# Canon 600D If i deleted an image by mistake?



## starcluster (Apr 27, 2012)

How can I restore the data from the memory?


----------



## Dao (Apr 27, 2012)

If you have not write more data on the flash memory card, you can use some software to restore the file back.  The Sandisk CF cards that I bought came with a software that can do that.  I am sure there are a lot of them out there.  The key is do not write anything to the memory card and let the software do the job.  Search flash memory recovery software and see you can find any software that can undelete/recover the file for you.


----------



## Tiberius47 (Apr 27, 2012)

DO NOT USE THE CARD.

If you do, you run the risk of writing data over the image you want to recover, and if you do that, it's gone for good.
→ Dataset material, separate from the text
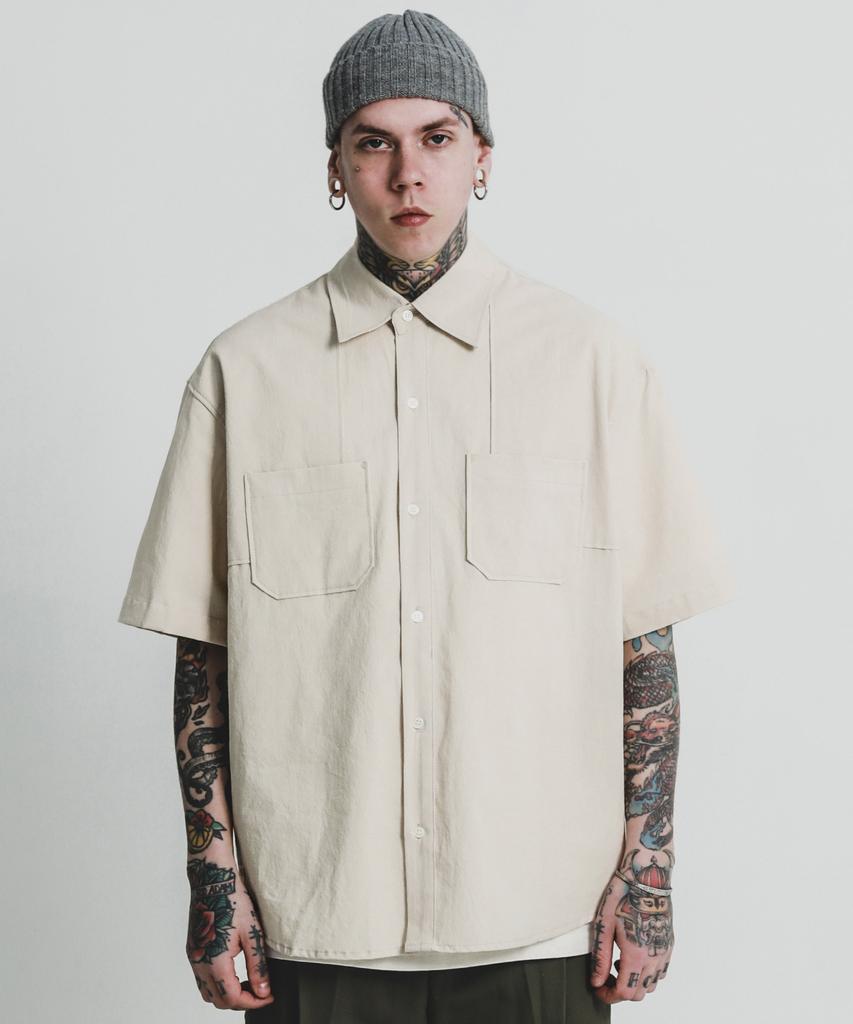 STAGE NAME Vintage Washed Cotton Double Shoulder Short Sleeve Shirt_L Beige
Do a google search.  There are lots of free file recovery programs out there.  Download one, install it, and run it on your storage card while it's connected to a card reader.  You should get the file you want, as well as a bunch of others.


----------



## brush (Apr 27, 2012)

If you don't have any luck with the at home recovery programs, Wolf Camera does file recovery as well. I had a card get corrupted once & lost an entire shoot. Tried every recovery software I could fine & had no luck. Called all around to find places that could try to recover it & they were one of the few non-destructive options. Most places wanted to cut the card open, solder in new pieces, and charge me hundreds. Don't know what software Wolf used, but they not only recovered every image from the shoot I lost...but even the images from the shoot before it which I had deleted from the card.


----------



## starcluster (Apr 28, 2012)

THANK YOU guys very much for the info. : D


----------



## saraketty (May 2, 2012)

Hi starcluster,
                  You can restore your deleted photos from memory cards like SD cards, XD cards, Compact flash cards, etc using memory card recovery software. Remo Recover (Mac) - Media Edition is a memory card recovery software that can recover deleted media files from any data storage devices like USB drive, external hard drive, pen drive, etc. It can recover flash card on Mac by just few simple clicks. You can download the free demo version of the software.


----------



## bratkinson (Sep 21, 2012)

As a "refresher", your camera uses the same recording method as your computer does for hard drives.  Deleting an image merely "marks" the directory entry as 'available'.  Therefore, the portion of the memory memory card 'linked to' by the directory is fair-game to be overwritten by new data.  Even taking ONE (1) more picture after the deletion MAY overwrite your accidentally deleted picture.  Take a dozen after the accidental deletion, it's definitely GONE!


----------